Erdöl begegnet uns überall

PVC (Polyvinylchlorid) wird für Fensterrahmen, Fußboden, und Schläuche verwendet. Polyurethan begegnet uns täglich in Form von Schaumstoffen, die zum Beispiel für die Polsterung genutzt werden. Das weiße, aufgeschäumte Polystyrol ist umgangssprachlich auch unter dem Handelsnamen Styropor bekannt. In der Verpackungsindustrie wird Polystrol zur Stoßdämpfung und zum Schutz kleiner wie großer Güter verwendet.
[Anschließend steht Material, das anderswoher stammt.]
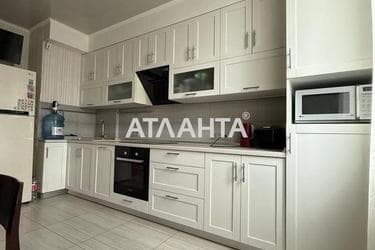 2-кімнатна квартира за адресою вул. Проценка (площа 65,1 м²) - Atlanta.ua - фото 23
Aus dem Kunststoff Polyethylen werden Gießkannen, Eimer, Behälter und Gehäuse aller Art gefertigt. Viele Handys und Monitore sind in einen Rahmen aus Polyethylen gefasst. Ein weiterer viel genutzter Stoff ist Polyamid. Verwendet wird es sowohl für Kunstfasern in Bettwäsche und Winterjacken wie im Maschinenbau. In diesem Bereich wird Polyamid wegen seiner harten, kristallinen Struktur geschätzt und für Bauteile wie Zahnräder genutzt. Für die Herstellung von Wasch- und Reinigungsmitteln setzt die Verbrauchsgüterindustrie Ethylenoxid ein. Dieser Stoff ist auch ein Vorstufeprodukt für die Herstellung von Polyester, das zum Beispiel in PET-Flaschen Verwendung findet.
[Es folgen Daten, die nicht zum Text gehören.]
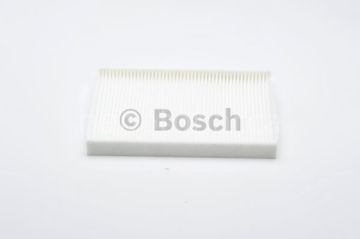 FORD B-MAX BMAX 1.6 TDCi (08.2012 - 06.2015) BOSCH Filtre Seti filitre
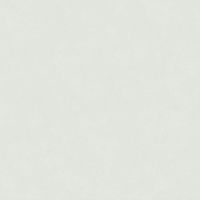 Обои Grandeco Spring R149035 Винил на флизелине (1,06*10,05) Серый, Однотонные — фото 1, Обои для стен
Ein Tag ohne Erdöl ist schwer vorstellbar

Im Laufe eines Tages verwenden wir zahlreiche Produkte, die unter Verwendung von Rohöl hergestellt werden. Schauen wir uns hierzu die typische morgendliche Routine einer jungen Dame an. Nennen wir diese Dame einmal Laura.
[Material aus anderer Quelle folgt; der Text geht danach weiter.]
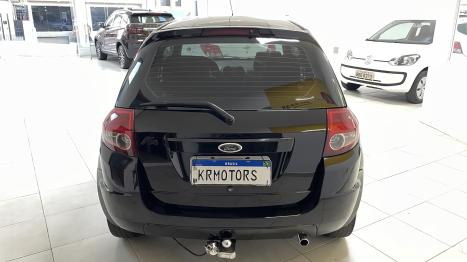 FORD Ka Hatch 1.0 CLASS FLEX, Foto 5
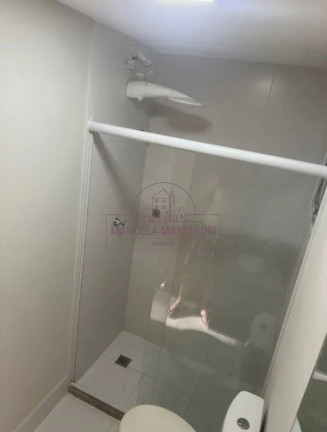 Imagem Apartamento com 2 Quartos à Venda, 74 m² em Praia De Itaparica - Vila Velha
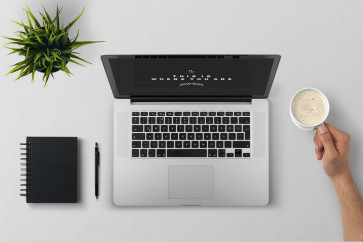 2019什么樣的考生更適合報班學(xué)習(xí)初級會計？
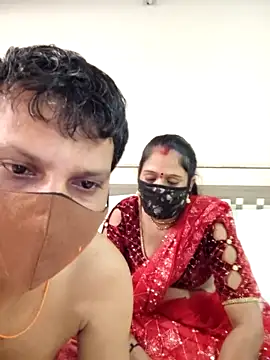 radhadesi online show from 03.13.26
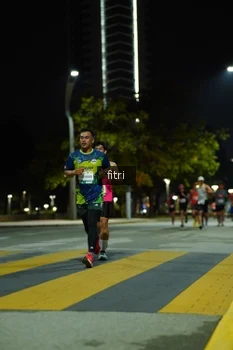 Runner Photo 2351701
Gegen 7 Uhr in der Früh klingelt Lauras Wecker, dessen Gehäuse aus Polyethylen besteht. Vor dem Aufstehen drückt sie ihren Kopf noch einmal in das mit Kunstfasern gefüllte Kopfkissen, bevor sie sich unter die Dusche stellt. Der Duschvorhang besteht aus Polyethylenvinylacetat (PEVA) und die Griffe der Mischbatterie aus Polyamid. Sie putzt sich die Zähne mit einer Zahnbürste, deren Griff und Borsten ebenfalls unter Verwendung von Erdöl hergestellt wurden. Auch die Zahnpasta beinhaltet aus der Raffination gewonnene Stoffe. Beim Waschen und Färben der Haare kommt Laura ebenso mit Produkten aus Erdöl in Berührung wie beim Auftragen von Lippenstift und Nagellack. Auch ihr Deodorant und ihr Parfum beinhalten Derivate aus Öl. Wenn Sie das Bad verlässt, sich ankleidet, die Kaffeemaschine anstellt und Ihr Smartphone auf eingegangene Nachrichten prüft, kommt sie mit weiteren ölhaltigen Produkten in Berührung. Auf der Fahrt zur Arbeit verbraucht Lauras Auto Benzin und Schmierstoffe. Auch die Reifen und der Asphalt, auf dem sie zur Arbeit rollt, kommen ohne Produkte der Petrochemie nicht aus.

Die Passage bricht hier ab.